Ante tal situación, son diversos los cuestionamientos que tienen lugar, como por ejemplo:   ¿Nos sentimos malas personas si nos atrae este tipo de bromas?¿nos hacen reír los estereotipos? ¿Solemos censuramos por defender determinada opinión política correcta? Ante ello, el humorista Louis C.K nos brinda una certera respuesta, y es que el defiende que cualquier opinión generada sobre cualquier tema suele ser válido y ello no nos convierte en potenciales culpables.

Para muchas personas este tipo de humor incluso podría conducir a traumas ya que suele criticar, confrontar e incluso hacerlos sentir como agredidos, con lo cual en la actualidad las redes sociales se han encargado de propagar este tipo de espectáculos, que para un gran número de personas conduce a incomodidades de acuerdo a su pensamiento, pero que para otros, indudablemente seguirán disfrutando con dichas bromas.

Cuando se trata de la risa, esta no es objetiva 

Y si quisiéramos prevenir la risa? Según el doctor Manuel Arias quien es el Coordinador del Grupo de Estudio de Humanidades de la Sociedad Española de Neurología, ello no puede ser posible, si algo que nos resulta gratificante o gracioso, no necesariamente lo es de manera objetiva, como cuando observamos la caída de una persona o quizás, un chiste que le resulta a algunos muy grosero y chabacano, pero a otros no.

Pero posiblemente y a pesar de nuestras diferencias, eso nos ha hecho reír, aunque en algunos casos ello puede resultar más apropiado que en otros, ya que el procesamiento de cada tipo de humor va a depender no solo de cada individuo, sino también de la cultura y del sexo. Incluso tratándose de hombres y mujeres, un chiste podría tener cabida en distintos lugares de sus cerebros.
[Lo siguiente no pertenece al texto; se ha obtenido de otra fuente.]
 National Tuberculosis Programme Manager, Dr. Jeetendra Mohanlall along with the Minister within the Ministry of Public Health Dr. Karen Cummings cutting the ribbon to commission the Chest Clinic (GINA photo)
De manera que, las personas inteligentes suelen ser atraídas por el humor negro

Para algunos, el hecho de emplearse el humor negro podría ser un efecto secundario de la inteligencia como contrapunto a la demonización social, ello de acuerdo a un estudio reciente. Un grupo de investigadores procedentes de la Universidad de Viena realizaron un estudio en donde determinan que las personas que suelen disfrutar del humor negro son las mismas que tienden a sobresalir en las pruebas empleadas para medir la inteligencia tanto verbal, como no verbal, y que además contaban con un alto nivel de educación.